I am fascinated by satellite imagery of landscapes. Mostly, I’m looking for clues about the footprint of agriculture in a place – what can it tell us about its past and present. I pore over Google Maps and Google Earth, examining the irregularity of field boundaries and the sizes of fields; crane my neck to see out of the window when my plane makes its descent to land in a new place.
Drop a pin anywhere in Cornwall, England and you are likely to find a higgledy-piggledy arrangement of small green fields separated by wiggly lines of dark green hedgerows, hinting at the pastureland for the livestock-based agriculture which predominates there. Drop a pin in Norfolk and you’ll likely find a neat patchwork of gold, green and brown rectangles separated by largely straight hedgerows, giving us clues of the large-scale arable farming that takes place there.

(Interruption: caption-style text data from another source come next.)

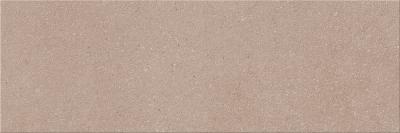 Настенная плитка Eletto Ceramica 506111102 Odense Beige 24.2x70 бежевая матовая под камень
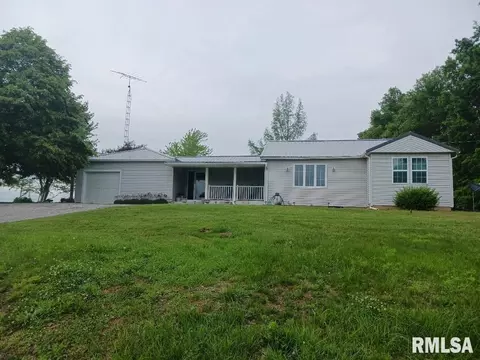 7383 Keller Mine Rd, Sesser, IL 62884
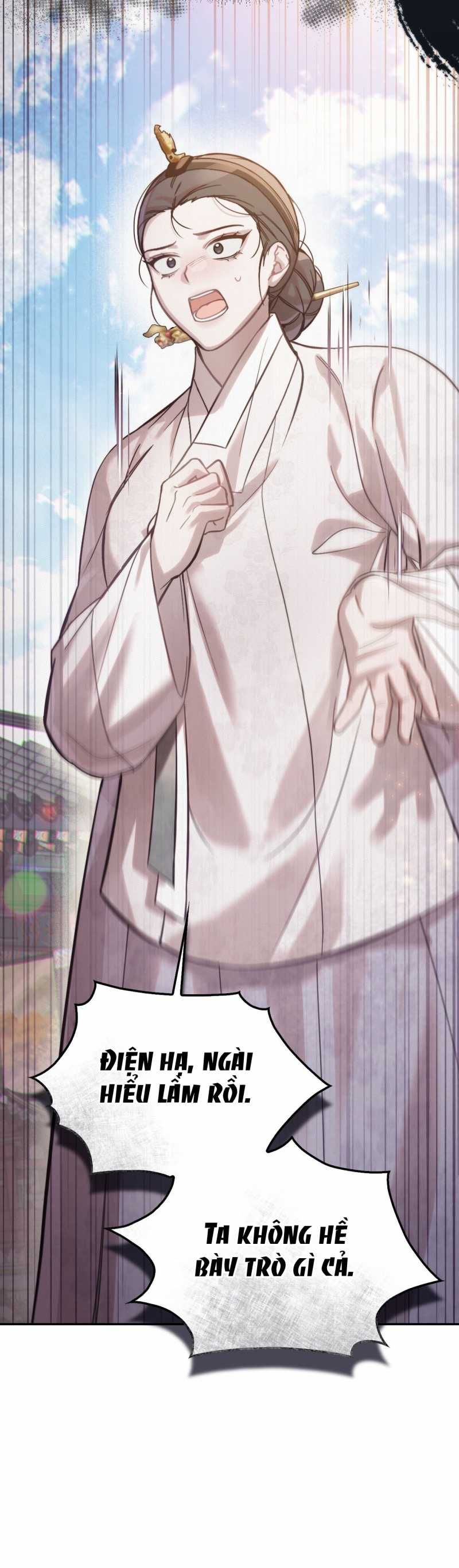 đọc truyện Hậu Cung Kế Chương 18.2 ảnh 7 tại Thiên Thai Truyện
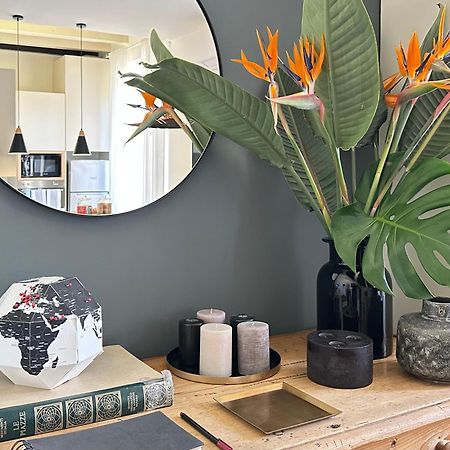 Lily Pads -Elegant Apartment- In The City Center มิลาน ภายนอก รูปภาพ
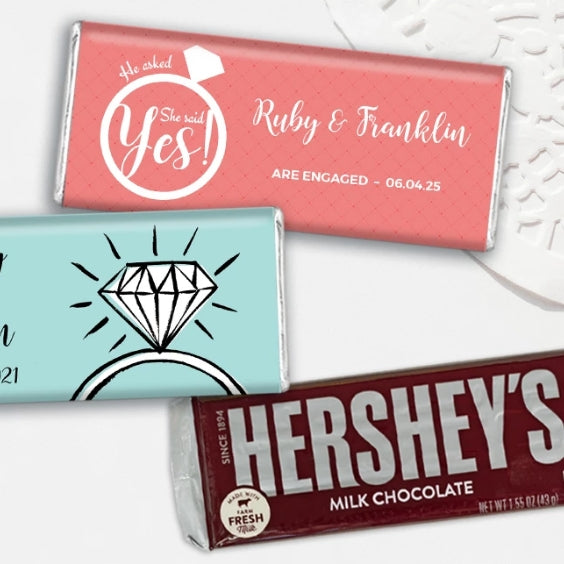 Chocolate Bars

And so, when I dropped the red pin randomly in the state of Nebraska in the US to get a feel for the place before my trip there as part of the Global Farm Metric’s work with the Regen10 initiative, I was aghast and enthralled in equal measure at what I found. Perfectly square patches of farmland cover the entire southeast of the state. If only my attempts at patchwork quilting looked as neat as this, I thought. If Nebraska is a quilt, the seamstresses are its farmers – agriculture has defined the landscape of Nebraska to such an extent that you can literally see it from space.
As my colleague set off on an equivalent work trip to beautiful Borneo, I wondered if being immersed in the industrial agriculture of Nebraska might tip me from a state of optimism for the future of food and farming, to one of complete despair.